O Mounjaro atua sobre dois hormônios da classe incretina, o GLP-1 e o GIP. Em estudo enviado à FDA, pesquisadores compararam a incidência de eventos cardíacos em pacientes com diabetes tipo 2 que utilizaram o Mounjaro em relação aos que usaram o Trulicity, outro medicamento da Eli Lilly que atua apenas no GLP-1.
Os dados indicam que pacientes que utilizaram o Mounjaro apresentaram uma taxa 8% menor de infarto, derrame ou morte relacionada ao coração do que aqueles que tomaram o Trulicity. Em estudos anteriores, o Trulicity reduziu o risco de eventos cardíacos em 12% quando comparado ao uso de placebo.
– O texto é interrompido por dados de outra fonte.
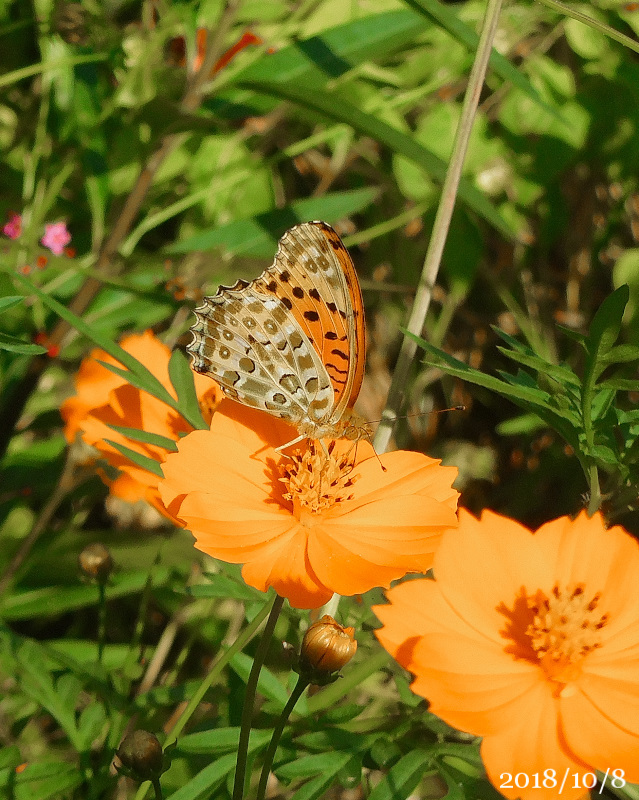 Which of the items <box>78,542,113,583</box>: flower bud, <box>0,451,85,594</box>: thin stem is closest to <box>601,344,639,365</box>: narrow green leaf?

Rachel Batterham, vice-presidente sênior de inovação médica e engajamento externo para saúde cardiometabólica da Eli Lilly, afirmou que a redução desse risco é fundamental, já que as doenças cardiovasculares são a principal causa de morte em pacientes com diabetes tipo 2.
A empresa explicou que a decisão de comparar o Mounjaro com o Trulicity, que já possuía histórico de redução de riscos, visava verificar se o novo fármaco traria benefícios adicionais. Por esse desenho de estudo, os resultados não podem ser comparados diretamente ao Ozempic, da Novo Nordisk, ou ao Wegovy, ambos aprovados para reduzir o risco de doenças cardíacas em 20%.
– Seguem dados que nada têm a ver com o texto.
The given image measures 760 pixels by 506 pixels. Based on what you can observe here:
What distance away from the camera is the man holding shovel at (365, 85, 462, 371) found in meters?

A Eli Lilly realiza atualmente um estudo com pessoas que não têm diabetes tipo 2 e utilizam o Zepbound, versão do medicamento para perda de peso. A pesquisa busca apurar se o fármaco previne a ocorrência de primeiros eventos cardíacos ou evita a repetição de episódios em quem já sofreu um infarto. Batterham informou que os dados sobre pacientes sem diabetes estarão disponíveis no próximo ano.